The relationship between the Phantom and Christine is the core of the show, and its evolution drives the story. What starts as a tutor/pupil dynamic, a beneficial if weird exchange involving “the angel of music” — a term they both use to describe the other — becomes increasingly stalker/prey, with Phantom intensifying his demands of Christine’s talent if not very life, while she proves more resilient and resourceful — and possibly treacherous — than she appears. It’s not just the Phantom who’s wearing a mask.

It all unfolds with great energy, note-perfect emotion, and a murder or two.

The production values are gorgeous. The set is a series of cascading draperies in a constantly shifting palette, skeins of lights blooming and fading, and the most foremost scrim projecting painted landscapes, texts, snowflakes, and stars. A sweeping staircase reverses into a balcony or rooftops. Other props — an organ, sleigh, chairs — are deftly swept on and off by the cast.

Best of all, “Phantom” gives us non-musical people (let’s call us “n-mps”) two easy ins.

First, the music (composed by Lloyd Webber) is good. Really good. Textured, affecting, memorable.

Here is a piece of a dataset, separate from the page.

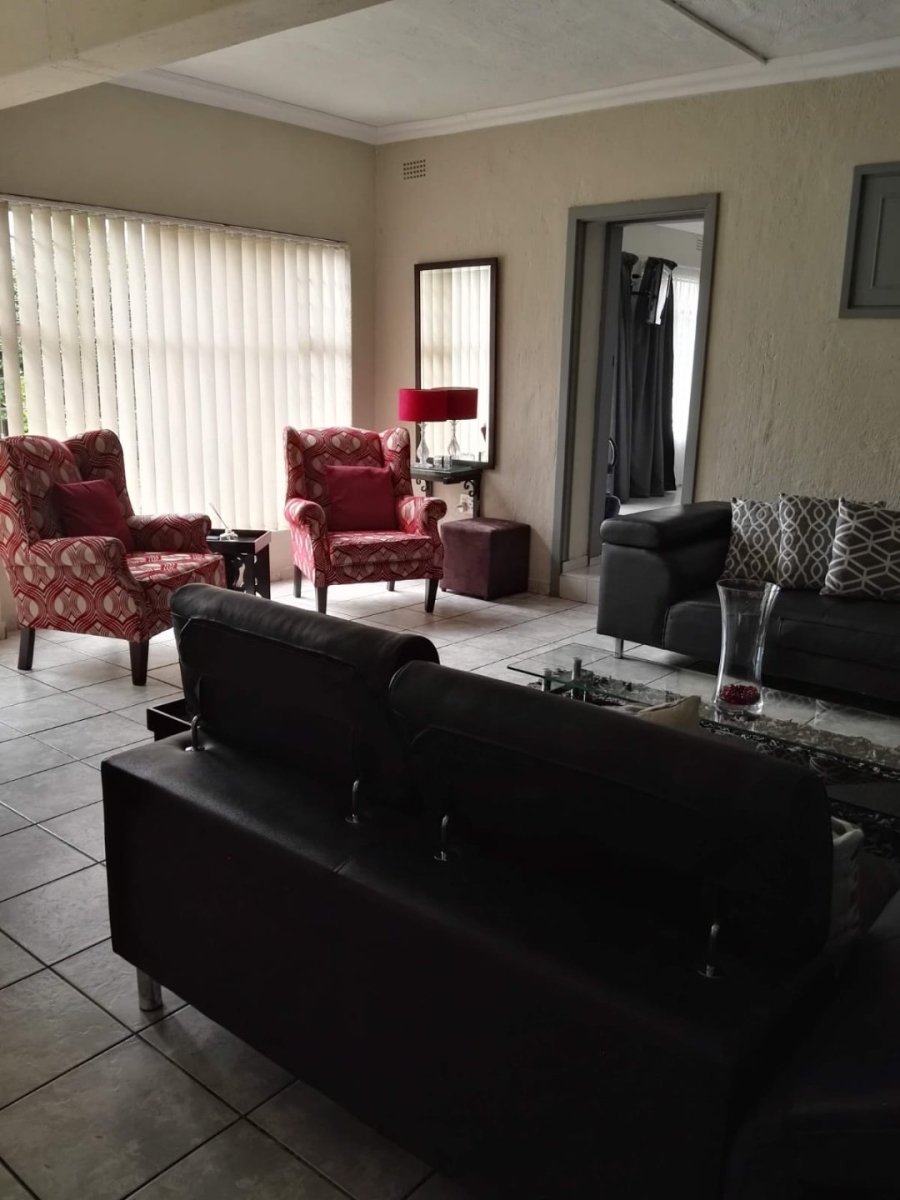 2 Bedroom Property for Sale in Glen Marais Gauteng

Second, it solves the problem that worries us n-mps: namely, why are these people singing? In “Phantom,” everybody is singing because they are staging a series of operas, as the plot winds through their rehearsals and openings. They are singing because they are actually singers. These shows-within-a-show adds a veneer of realism that only heightens the magic (as does the occasional line of spoken dialogue).

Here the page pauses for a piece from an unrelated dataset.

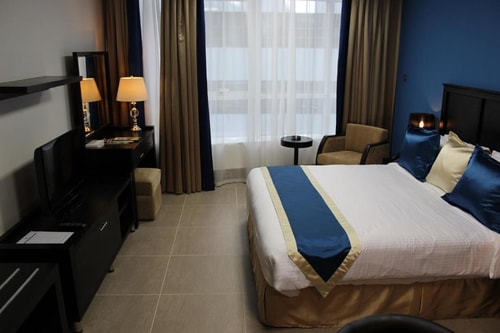 Studio Apartment Al Nahyan Camp By Luxury Bookings 5 Luxury Bookings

I haven’t even talked about the performances yet. They’re pretty much across-the-board-tremendous. Added to the leads mentioned, Meg Giry (Grace Budoloski), Christine’s confidante, is outstanding, as is Madame Giry (Kelly-Ann Evans), who marshals and guards the ballerinas, a flock of little wrens. (She also seems to discern, or guess, more of the Phantom’s origins and motives than the others.) Everyone, really, is remarkable, owning each gesture, inhabiting every character.

Here’s my one quarrel: why mike the cast? It didn’t always work (never does, just like no announcement over an airport PA system can actually be heard and understood), but also, just why?

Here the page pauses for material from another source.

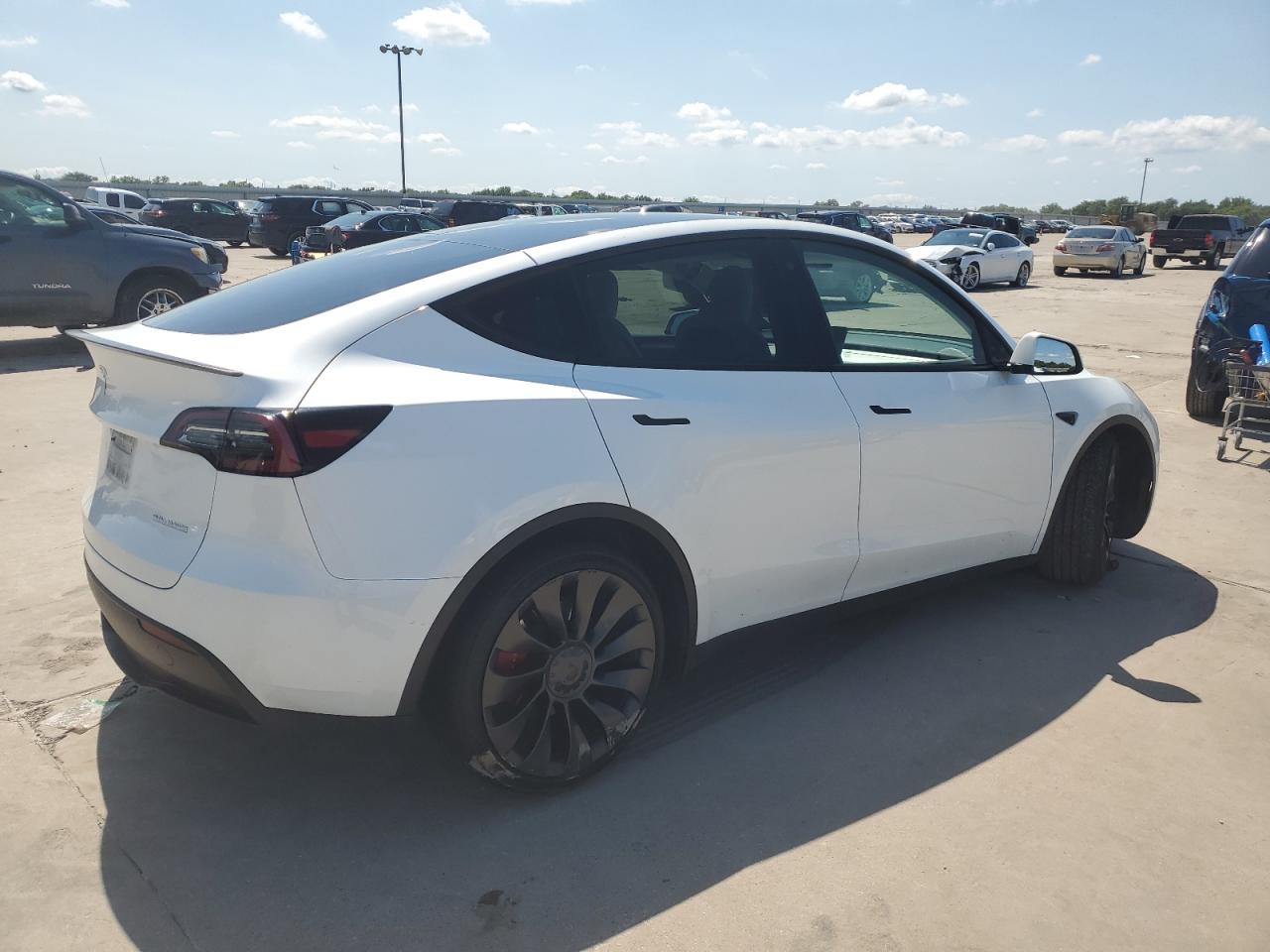 2023 TESLA MODEL Y  VIN:7SAYGDEF9PF765757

As we might anticipate, but surely never take for granted, the quality of work that Opera on the Avalon presents is really very high. Directed by Donna Fletcher, and conducted by Jeffrey Huard, “The Phantom of the Opera” choreography was by Marie Steffen. On a scale of one to 10, if “Cats” is a minus bajillion and “Jesus Christ Superstar” a 10, “Phantom” is pretty close to a 10.

“The Phantom of the Opera” has two shows today (Nov. 9) at the St. John’s Arts and Culture Centre, at 2 p.m. and 7:30 p.m., and an extra show has been added for Sunday (Nov. 10) at 2 p.m.